▸ Instructions for the task
Give back the listing in full and exactly, leaving out the images.

▸ Dataset extract

Start of Block

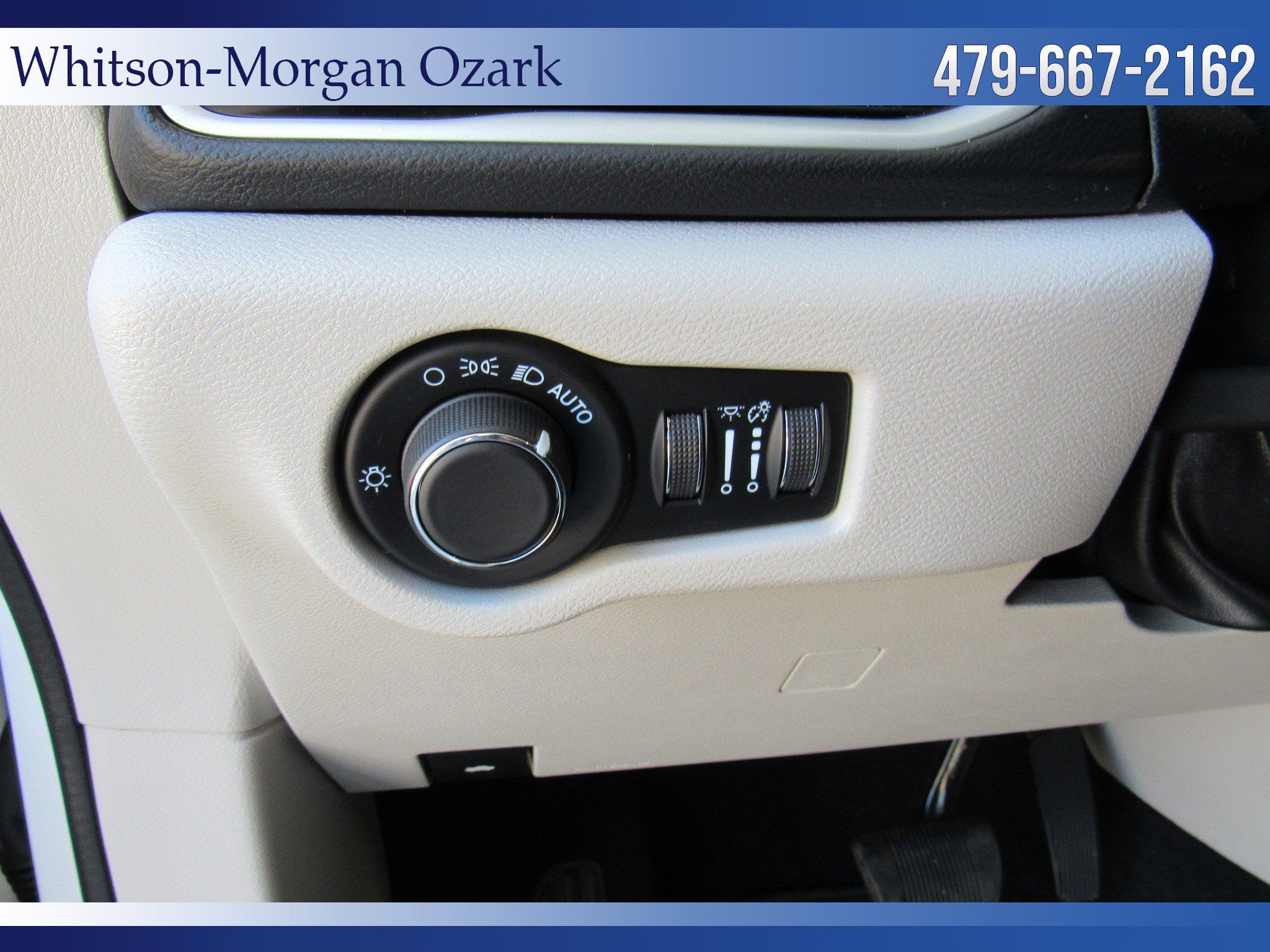 Used 2022 Chrysler Voyager LX FWD image 38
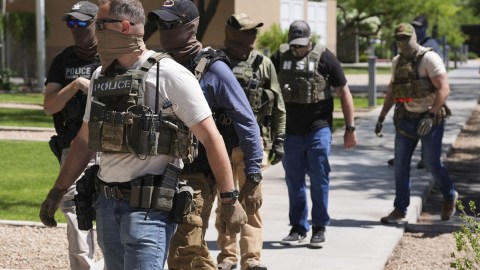 more-and-more-americans-reject-ice-operations-to-detain-immigrants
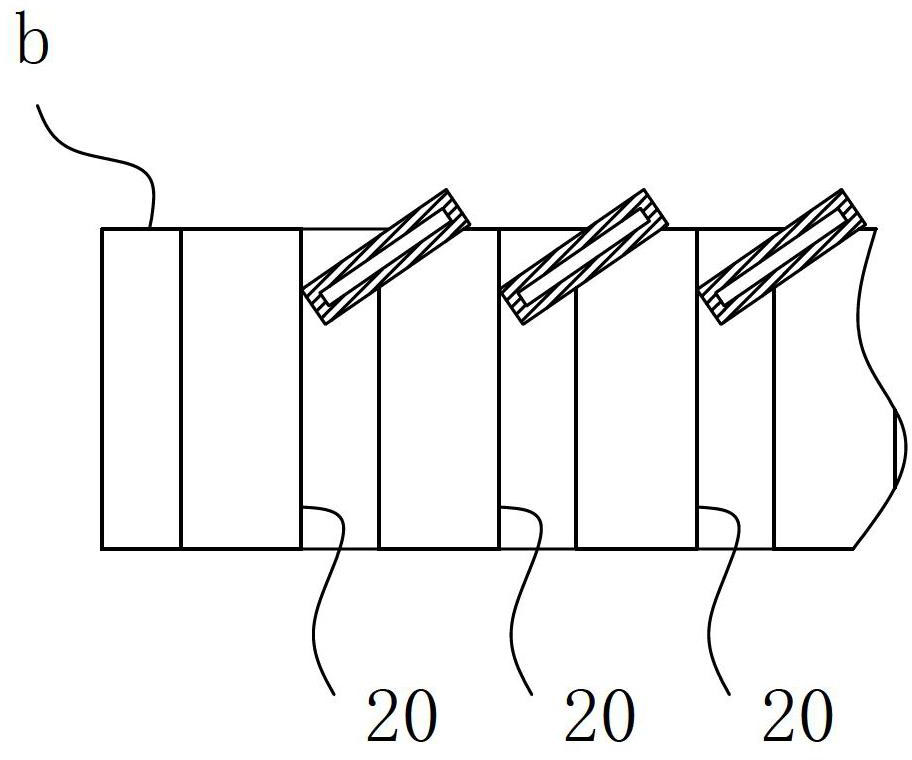 Material guiding mechanism based on heat radiator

End of Block

▸ Worked solution
 Used 2022 Chrysler Voyager LX FWD image 38
 more-and-more-americans-reject-ice-operations-to-detain-immigrants
 Material guiding mechanism based on heat radiator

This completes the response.